As early as 1639 Dutch settlers bought land from the Canarsee Indians in the neighborhood now known as Dyker Heights. By 1657 the area was annexed as part of New Utrecht, one of the six original Dutch towns that later joined to form the City (now borough) of Brooklyn. Waves of immigrants made their homes here – in the 19th century from Scandinavia, from Ireland and Italy in the early 20th century, and from China, Italy, and the former Soviet Union in more recent years.

The area was not developed as a residential neighborhood until the early 20th century, at which time it took its name, Dyker Heights. Block after block of one- and two-family houses were constructed, and land developers named the area after nearby Dyker Park and Dyker Beach. There are two differing stories concerning how these Brooklyn places got their names. The namesake may have been the Van Dykes who helped to divide the land when it was part of the Dutch town of New Utrecht. Alternatively, the name may reflect the dikes that the Dutch settlers used to drain and reclaim the marshy land.

The park was assembled from eight pieces of land over the course of forty years.
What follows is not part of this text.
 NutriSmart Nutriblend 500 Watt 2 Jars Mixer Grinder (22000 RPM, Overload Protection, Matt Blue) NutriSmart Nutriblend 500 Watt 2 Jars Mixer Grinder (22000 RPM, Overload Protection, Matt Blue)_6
In 1895 the City of Brooklyn purchased the first parcel from the Dyker Meadow Land Improvement Company for a park. The landscape architecture firm of Olmsted, Olmsted & Eliot - an incarnation of the firm first founded by Frederick Law Olmsted (1822-1903), with his stepson (and onetime nephew), John Charles Olmsted, as partner - planned a 50-acre saltwater lagoon, children’s playgrounds, bathhouses, lawns, and drives along the shore. Though the famous architect of Central Park did not participate in its design—1895 was the year his deteriorating mental condition forced him into a sanitarium—the 1896 Annual Report of the Brooklyn Parks Department claimed that Dyker Beach would be the “finest seaside park in the world.”
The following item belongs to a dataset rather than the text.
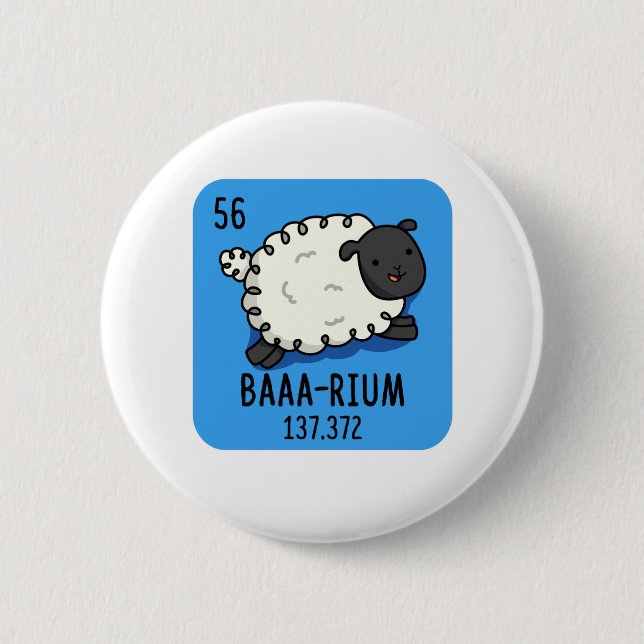 Badge Rond 5 Cm Baa-rium Funny Sheep Chimie Pun (Devant)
Although a portion of the site was used by the Dyker Meadow Golf Club, development of the remainder proceeded slowly. Bathhouses and roads were erected, and the plans were revised somewhat in 1911 by Charles D. Lay, former landscape architect of the Park Board. He proposed to decrease the size of the lagoon to 16 acres and add several concert groves. In 1918 work began to fill a swampy area of the park. Four additional parcels were acquired between 1924 and 1927 by assignment and condemnation. Another three lots were transferred to Parks in 1934.